Born in the mutinous middle of the twentieth century in 1953 I have been writing for over forty years now, which I guess adds up to a wilderness. What fun it’s been despite the poverty. And as for recognition, can we ever have enough? Social media hopes the answer is no and has got rich on the punters spinning the wheel. My pay off lies elsewhere and has been considerable, placing the words on the page, cradling them in their nether world so that one day they can meet their readers and live independent lives.
Life began in Fort Street Petersham in Sydney, Australia. It was a working class suburb then; full of gracious houses reimagined as decaying hostels with rigging out the back, washing lines full of holey singlets and clothes that survived the steaming copper and ringer. As I remember it the first pages I ever saw were the flattened squares of handkerchiefs and other items that emerged from the rollers of the suburban printing press.

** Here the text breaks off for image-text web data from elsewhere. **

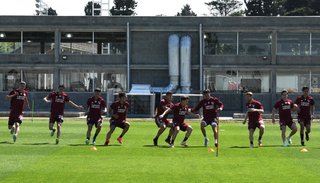 Gallardo tiene todo definido para buscar el mejor lugar en los octavos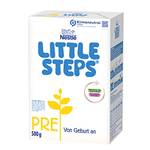 Nestlé little steps PRE Anfangsnahrung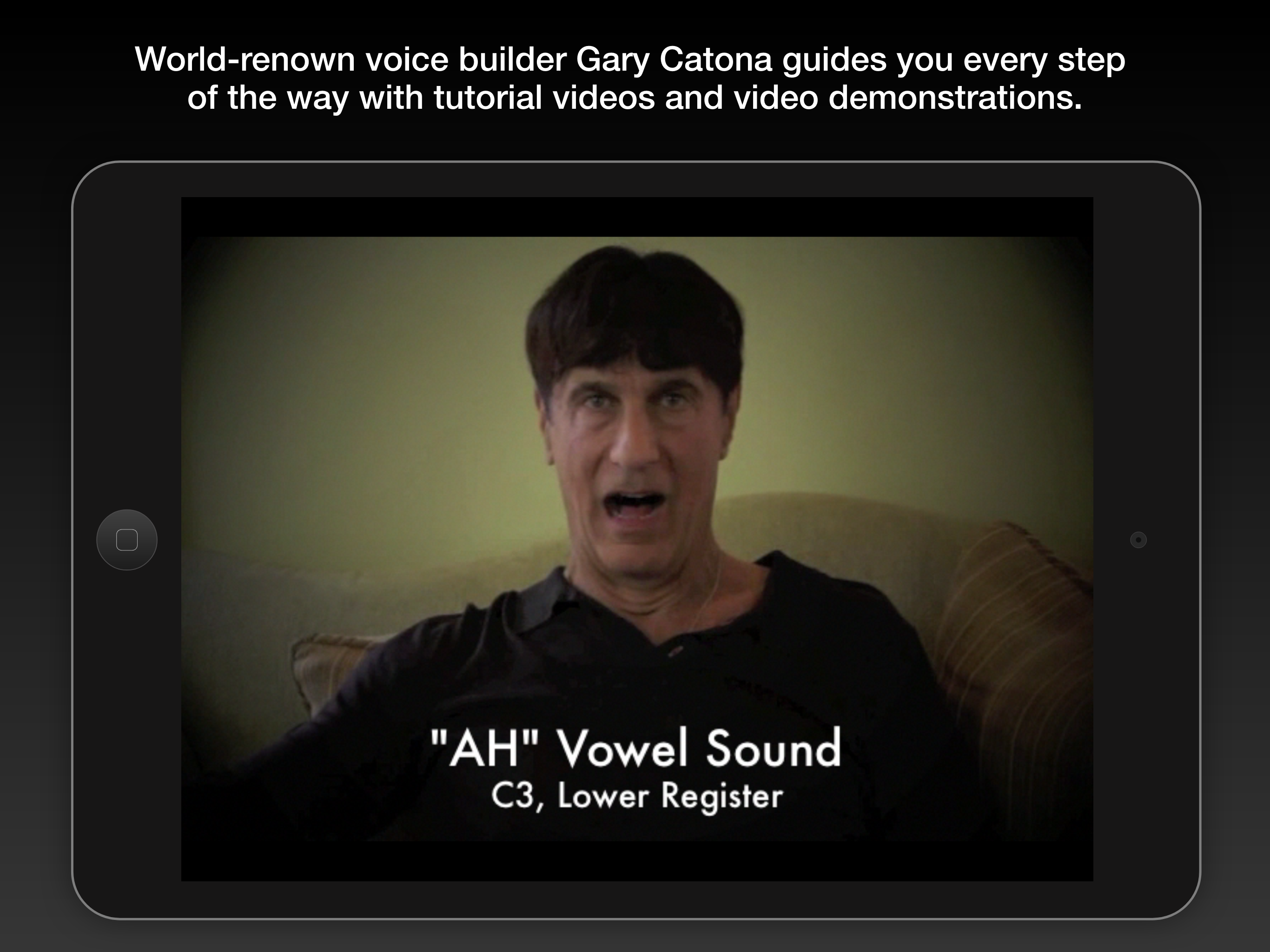 Voice Builder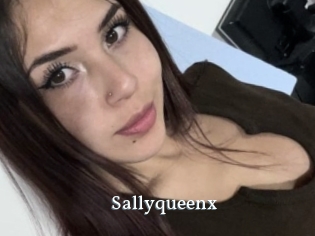 sallyqueenx SexyIdol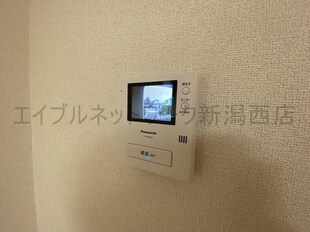 オレンジファミリアの物件内観写真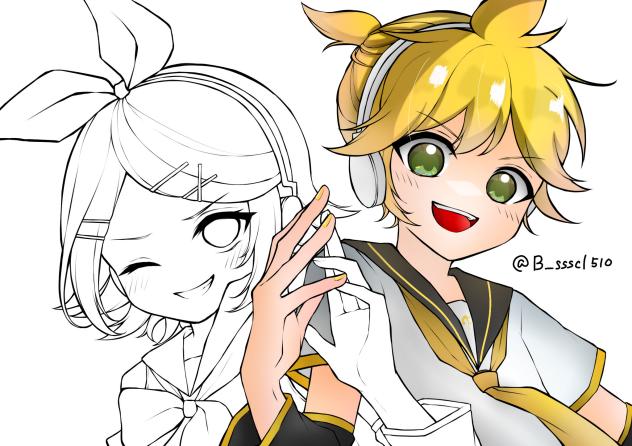 合作しましょ！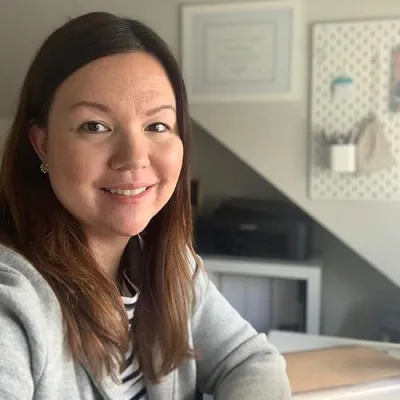 Michele Delory of Modern & Minimalist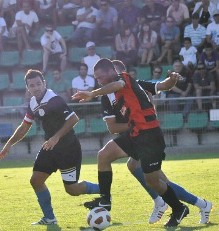 עפולה ממשיכה לדרוס.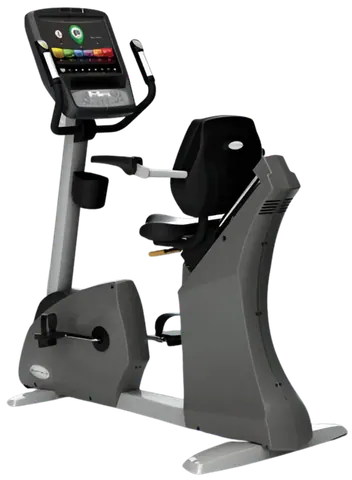 Matrix H7xe Hybrid Exercise Bike (Remanufactured)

We moved to Haberfield which at the time was considered an upgrade. I started school with the Presentation nuns at Five Dock, and you’ll have to read ‘Promise of Rain’ if you want the grisly details. Secondary school was a further upgrade to the Dominican nuns at Strathfield. I made good friends and discovered that I could sing baritone under the main hall while examinations were being conducted. My love of musicals has continued.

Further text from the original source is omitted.